You can see why by thinking about what the prior probability of Hz is and what you have to do to generate any belief in it. My understanding of Popper is that he argued more or less (though not in those exact terms) that the prior probability of any particular new hypothesis is infinitesimal, if not actually zero. Therefore, for the posterior probability given by:

P(Hz|G) = P(G|Hz)P(Hz) / ( P(G|Hz)P(Hz) + P(G|H1)P(H1) )

to be anything other than infinitesimal, the conditional probabilities of G have to be as given above. Most crucially, P(G|H1) has to be zero. It’s a bootstrap process whereby new hypotheses have to pull themselves out of the void by grabbing onto the bootstraps of other hypotheses and tugging wildly, or something: it’s a messy process.

The Bayesian approach as I’ve outlined it above is, to my mind, very close to how I’d understood severe tests to work.

I think Katzav has confused the probability of the observed consequences (a particular change in ocean heat content say) of a given climate sensitivity (P(data|F) as he calls it) and the probability of a given value of the sensitivity itself, P(F).

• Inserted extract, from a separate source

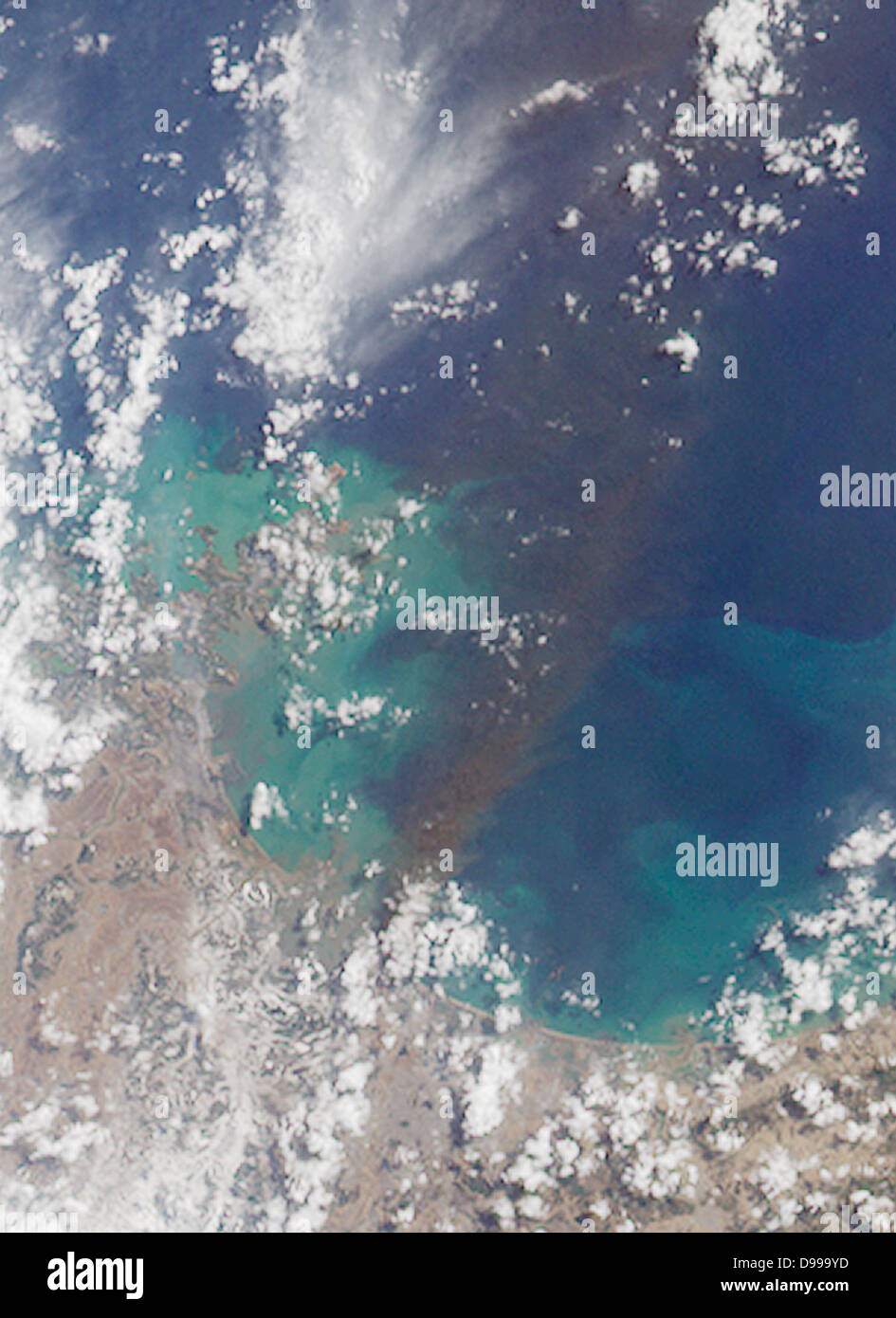 In the aftermath of the massive earthquake that struck northeastern Japan at 2:46 p.m. local time on March 11, 2011, and its subsequent tsunami. March 12, 2011. Satellite image. Stock Photo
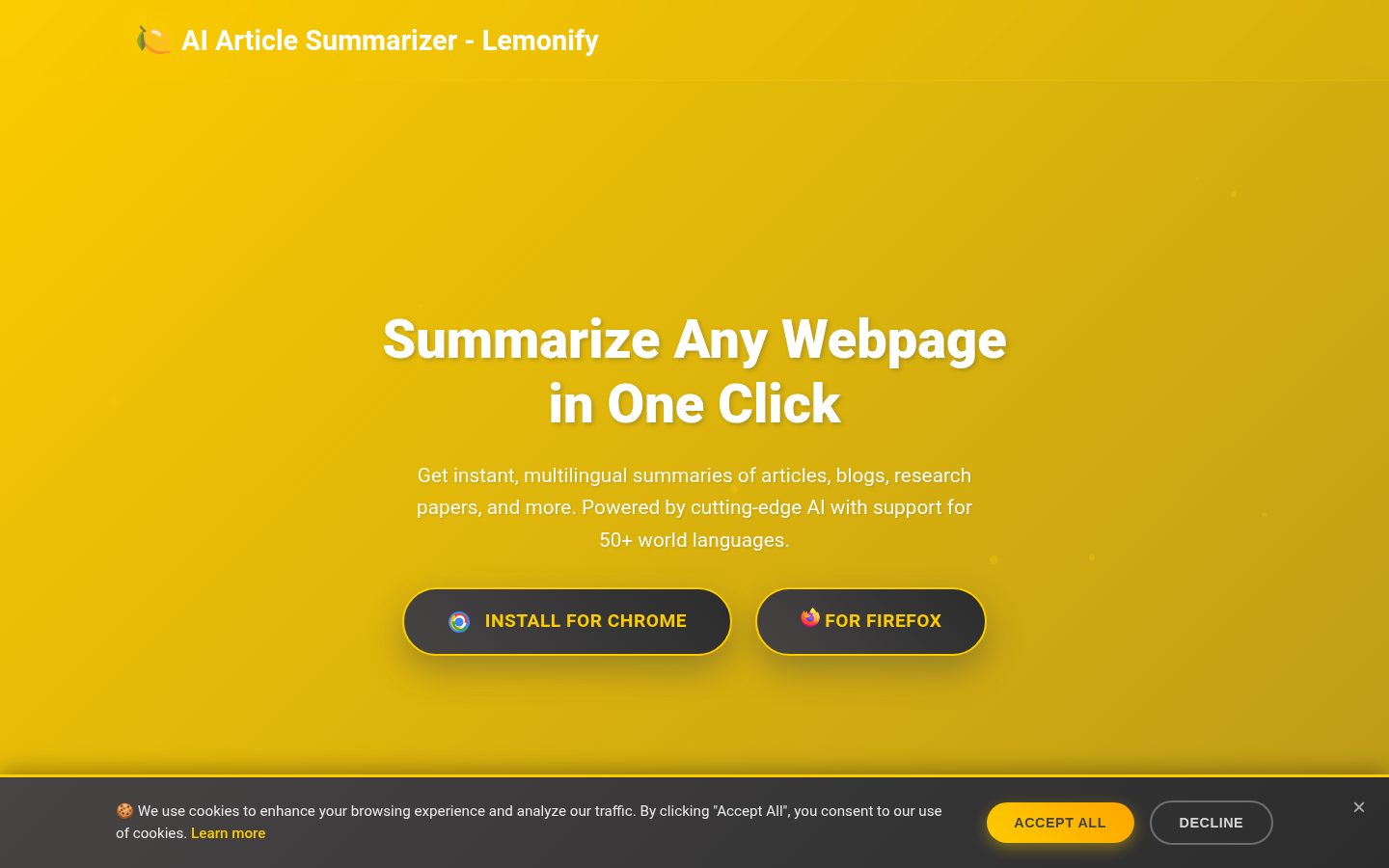 Fast AI Summarizer ext Homepage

To put it another way, it confuses the probability of the observed consequence of a hypothesis and the probability of the hypothesis itself. He claims that a severe test is one in which P(F) is small, but actually it’s one in which P(data|F) is small for all values of F except the one being tested.

A second confusion seems to be the interpretation of P(data) which he states “cannot … be an indicator of the severity with which data test different estimates of F” because it is constant. The point of severe tests is that the component of P(data) is zero, or very, very small, “in light of background knowledge” i.e. for all currently-favoured hypotheses excluding the one that is being severely tested.

A third difficulty with the argument is that the example given doesn’t even constitute a severe test if one dumps Bayesian reasoning altogether. Values of sensitivity inhabit a continuum, with nearby values being indistinguishable by reason of having very similar observational consequences. By choosing paleodata, the problem would be further exacerbated because the uncertainty in the observed values are typically large, increasing the overlap. A wide range of climate sensitivities are consistent with a given measured isotope ratio (to pick an example out of a hat) therefore the observed value cannot decide between different sensitivities outright, only change the weight we should give to each one.

The power of the Bayesian approach is that it deals with this situation AND it deals with the classic “severe” test. It provides a consistent approach across a range of different types of evidence.